When I started watching anime, masturbation went to another level. And I discovered Eroges. Until this point I never braked a value I considered true. But one thing led to another, drawing became boring and I wanted to see the real stuff, and against all my beliefs and my pride for not ever seeing porn like dad, I now am a porn user.

I've been fighting PMO addiction since 2016, when I found the NoFap subreddit, and a report impressed me, I thought "these guys are doing the impossible! If they can, I probably can too." And this was exactly what the reports and successful stories were about. I could stop it too. I couldn't at 12, but I was too young, it's time to try again. Soon after I found about Gabe's videos and reboot nation. I spent a few days posting on the NoFap subreddit, but soon after I registered at NoFap forum, where I was banned five times.

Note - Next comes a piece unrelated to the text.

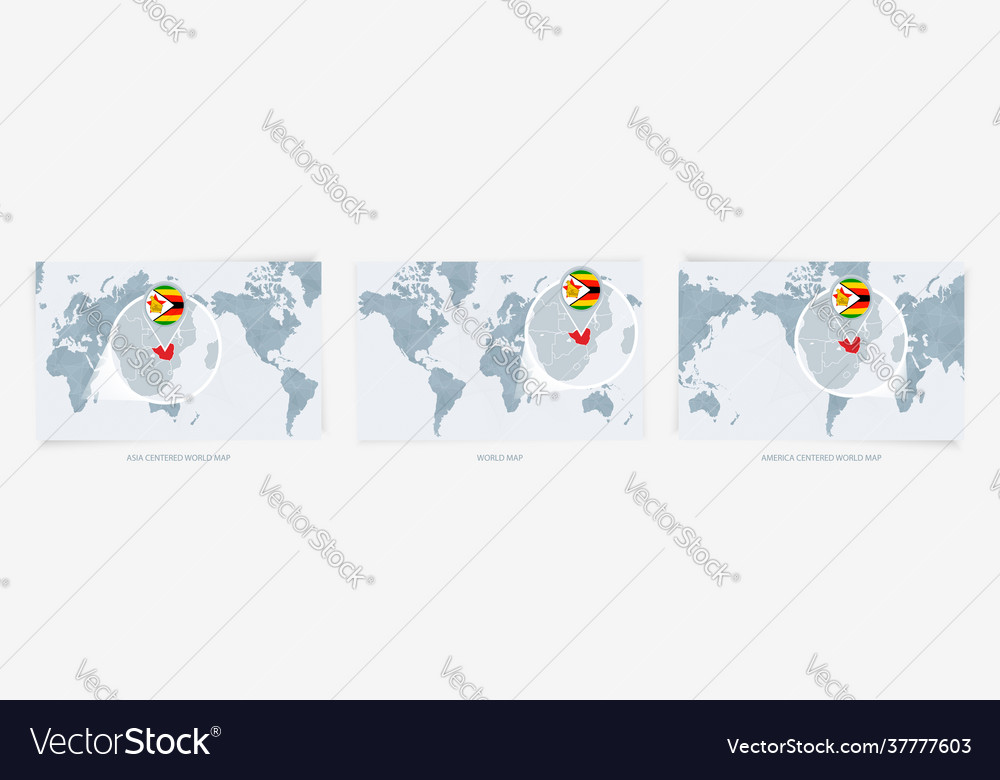 Three versions world map with enlarged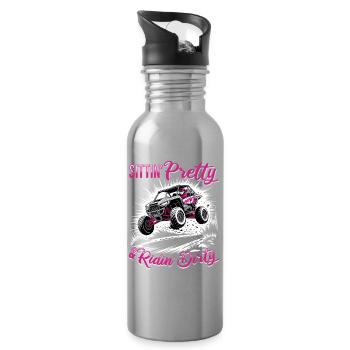 UTV Off Road Girl Woman 4 Wheeler Side by side - Water bottle with straw - silver - Right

I don't know why I was banned, my best guess is I was banned for criticizing them. When I asked why, they banned me again. No notice, nothing. I relapsed, of course. Since 2016, in these two years my addiction got worse. I am watching the most hard core stuff I've watched in my life. 2015 on, I started seeing gay porn even though I'm not gay. Fact is I don't know if I'm gay because I jerked off to gay stuff, there was a YouTube channel which was my favorite. Porn gay excited me like nothing else. This was when I knew I needed to stop and seek help. Betraying my values is one thing. Now I'm betraying my sexuality. I don't have a problem with being gay or gay people, but if porn is turning me gay, I have to do something about it.

I do not recommend the NoFap forum as they became a gold digger organization. The NoFap subreddit is more neutral, one can't really be banned from there, only the posts will be erased. But it is full of references to the NoFap site and their stupid NoFap academy, which you have to pay to get visual with Alexander Rhodes, the Fapstronaut #1, c'mon cut me some slack.

Doing stuff alone doesn't work so well, but no matter how much help you are able to get your hands at, in the end, it's only you and your addiction. Nobody, despite their infinite caring and support and accountability will be with you in the bathroom when the opportunity to masturbate rises.

I'll not pay Alexander Rhodes to have a journal online. Many rebooters say there is benefit in writing a journal and I confirm it. My longest streak is 68 days, this was in January 2018. My streaks are on a linear progress of 31, 58 and 68 with several small streaks, I came back to porn for 4 months, then came back to reboot. This is really hard. Starting this year I decided that I will not give up anymore. I'll keep trying for as long as it takes.

I'm looking forward to interact with other members of this web forum and I hope I can encourage some to keep their streaks, and have some encouraging back too. Please don't ban me if I relapse.